Real debate only began in earnest in 1997, when Sir Ronald Wilson, then Chairman of the Australian Human Rights and Equal Opportunity Commission (HREOC) released a report, Bringing Them Home. That report documented a long history of forced removal of children by state government welfare and police officials of children of mixed white and Aboriginal descent. Wilson’s report argued that those practices were part of a policy designed to ‘breed out the black’ of the ‘half-castes’ at a time when it was confidently expected that ‘full-blood’ Aborigines were a dying race. Acclaimed by left intellectuals and Aboriginal communities (Bird 1998; Gaita 1999), neo-conservatives (Brunton 1998; Meagher 1999) reacted angrily, pointing to the HREOC Report’s ‘methodological’ deficiencies and ‘presentist’ bias based on the importation of ‘contemporary values’ into the past. A subsequent test case brought by two members of the ‘stolen generations’ in 2000–1 to Australia’s Federal Court found that what had been done to aboriginal children and their families had been done both lawfully and in the light of then-prevailing ‘community values and standards’. Justice McLoughlin ruled there was neither a policy basis nor any genocidal intent at work in the child-removal practices in question, and that Gunner and Cubillo, the two plaintiffs, had failed to make their case against the Australian government (Bessant 2004).
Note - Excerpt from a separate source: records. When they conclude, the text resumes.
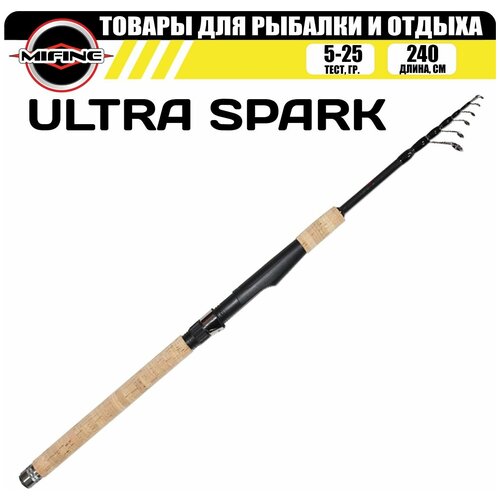 Спиннинг MIFINE ULTRA SPARK телескопический 2.4м (5-25гр), для рыбалки, рыболовный спиннинг mifine ultra spark телескопический 2 1м 5 25гр для рыбалки рыболовный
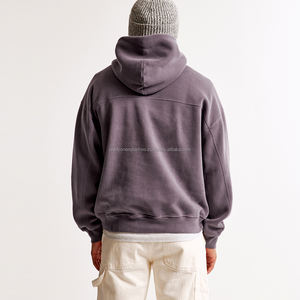 OEM Fabricantes de ropa personalizado 465gsm hombres chándal de peso pesado de algodón de gran tamaño Unisex sudaderas con capucha bordado liso teñido No - Product Image 5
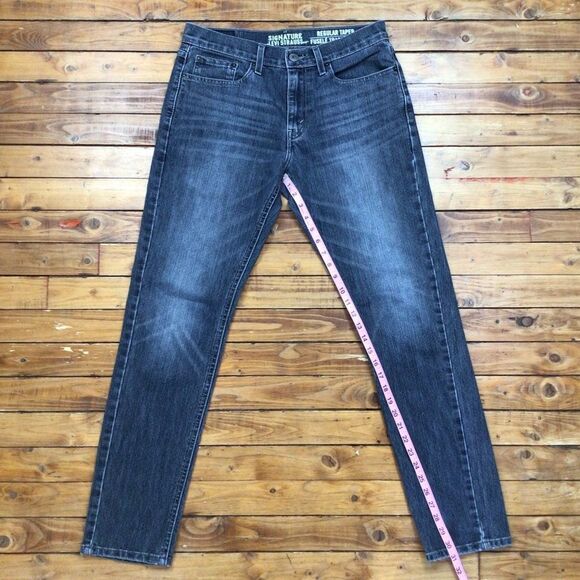 LEVIS Signature men’s jeans regular taper faded soft black denim size 30 tapered - Picture 8 of 12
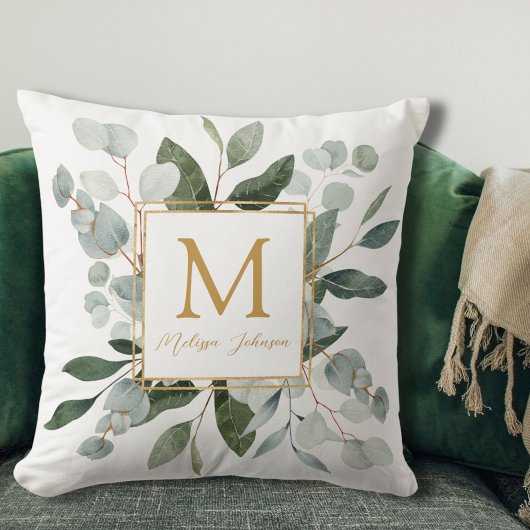 Coussin Monogramme Aquarelle Feuilles Tropicales Vertes Bl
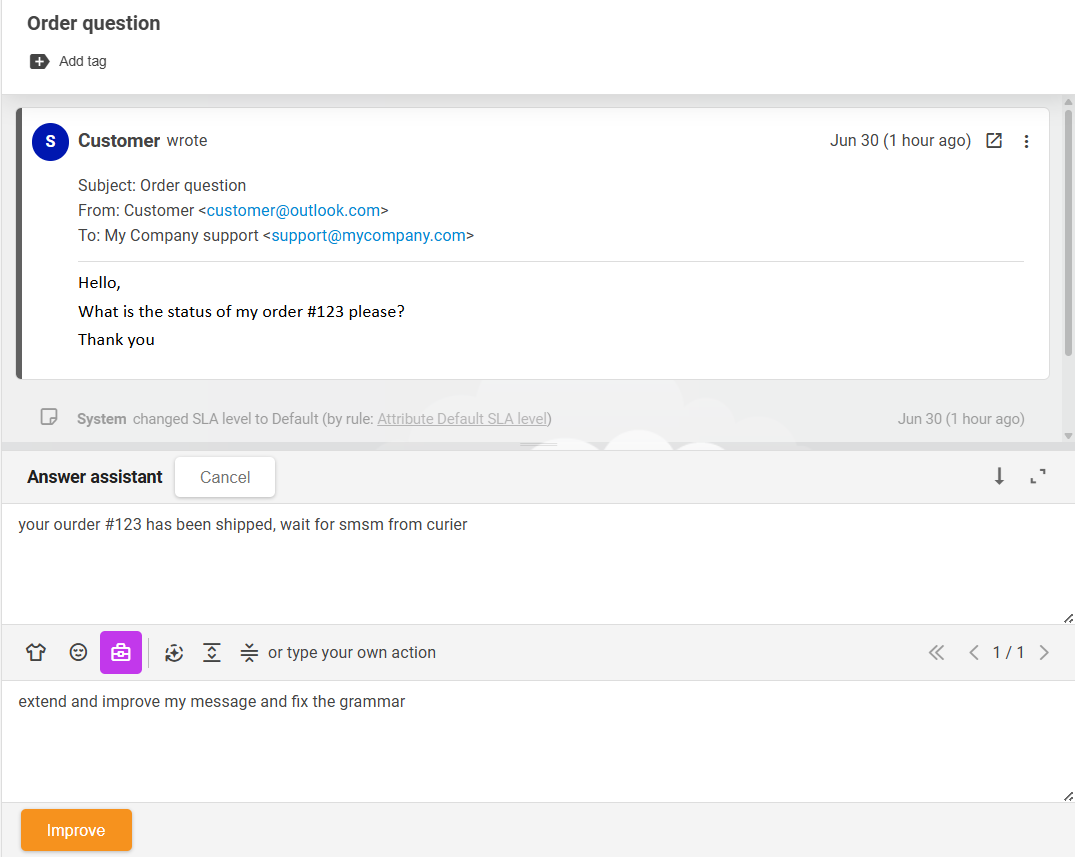 LiveAgent AI Answer Assistant funkcija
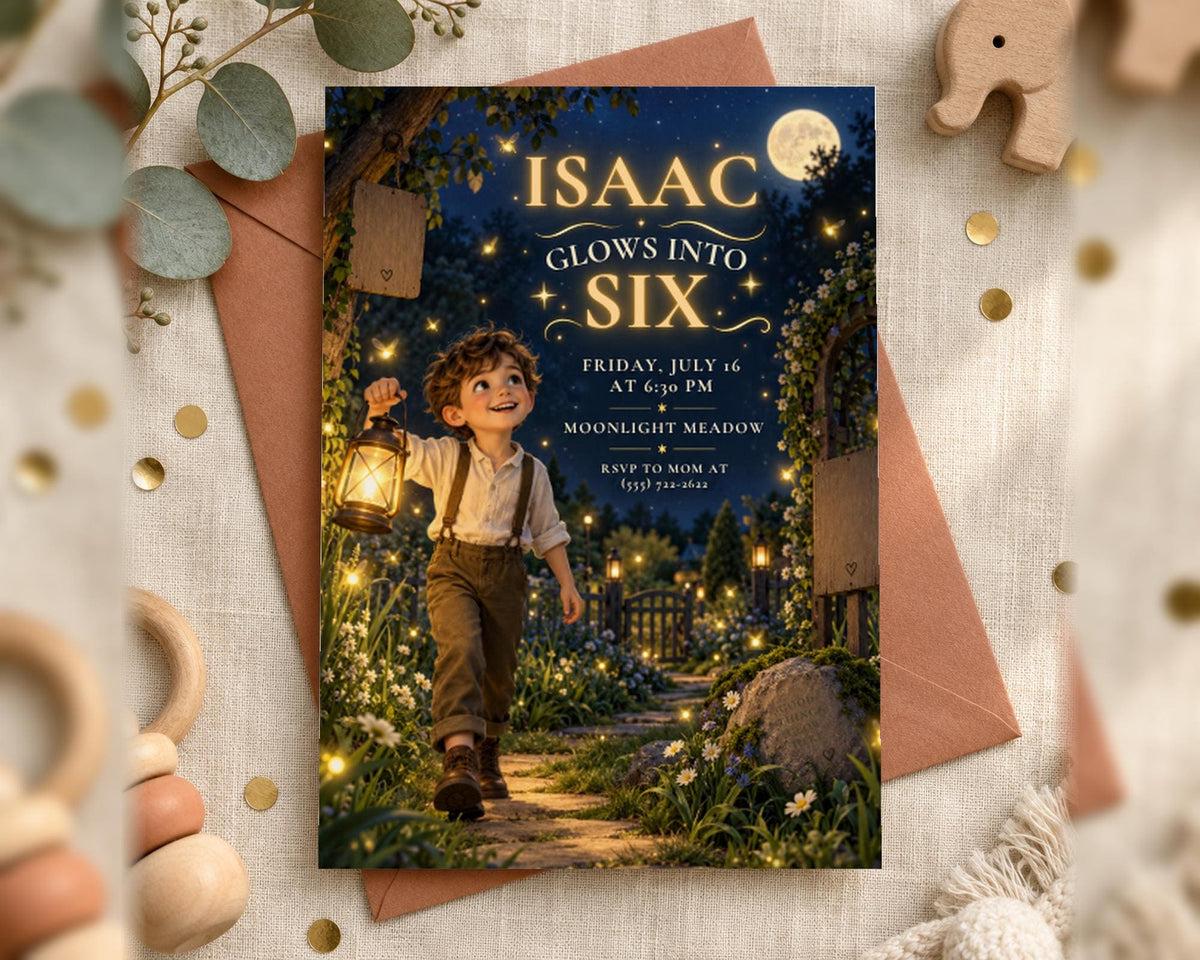 The image is a birthday invitation for a child named Isaac, featuring a young boy holding a lantern and walking through a garden at night.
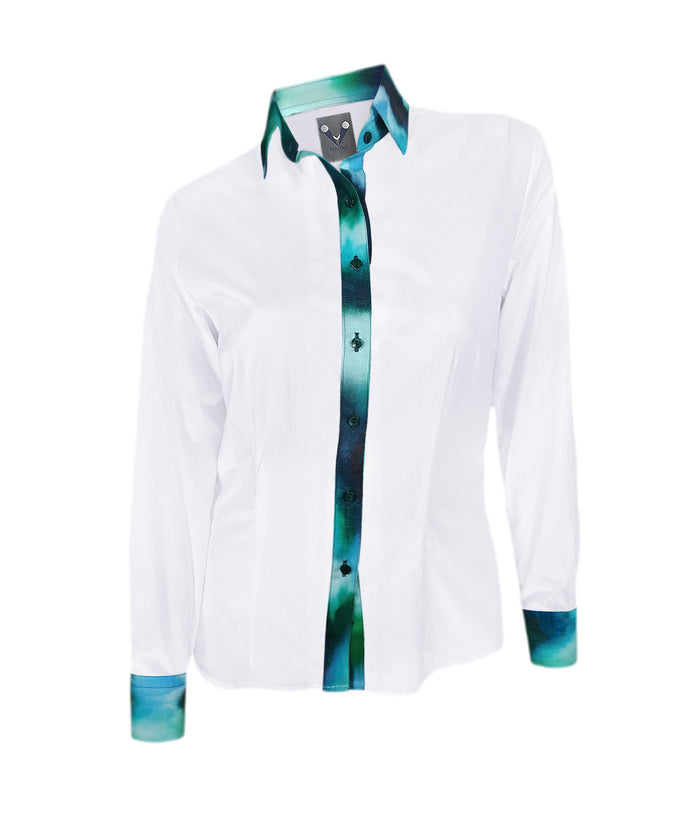 Camisa Blusa Blanca Tie Dye Tono Azul con Verde Mujer XS a 10XL
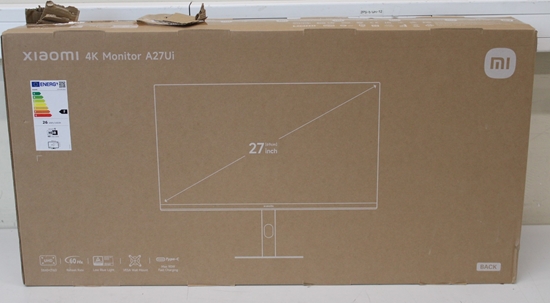 Изображение SALE OUT. Xiaomi 4K Monitor A27Ui EU | Xiaomi SALE OUT. | 4K Monitor A27Ui EU | 27 " | IPS | UHD | 16:9 | 60 Hz | 6 ms | 3840 x 2160 pixels | 360 cd/m² | HDMI ports quantity 2 | Warranty 24 month(s) | DAMAGED PACKAGING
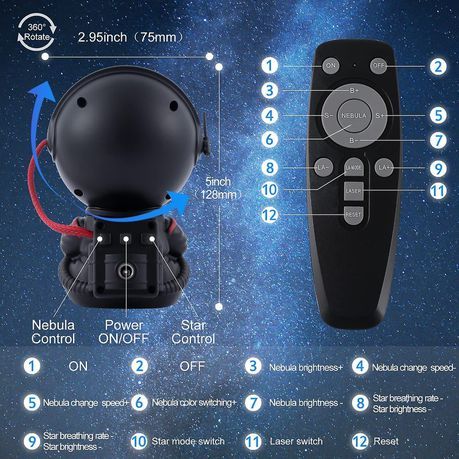 Astronaut-Themed Kids' Projector with Remote Control_2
In 2008 Labor Prime Minister Kevin Rudd formally apologized to the ‘stolen generations’.
- 2.
The dispossession of the Aborigines rested on the thoroughly racialized foundations built into classical liberal theory as developed in the late seventeenth century by John Locke in his account of the ‘state of nature’. Locke had argued that primal rights to land tenure only obtained when people laboured on the land and so transformed it. He made a distinction between those who worked hard and those who were ‘lazy and quarrelsome’. ‘[God] gave the world to the use of the industrious and the rational … not to the fancy of covetousness of the quarrelsome and the contentious’ (1952: 32). The right to own property was only conferred by the activity called labour. He also stated: ‘What a man labours to obtain or produce belongs to that man. What was previously owned in common in the state of nature becomes “private property” once men labour to assuage their hunger’ (1952: 26). The actual presence of indigenous people was therefore no embarrassment to the claim in 1770 by Captain James Cook that the land of New Holland was ‘unoccupied’, thereby entitling him to seize half the continent on behalf of his Britannic Majesty King George III.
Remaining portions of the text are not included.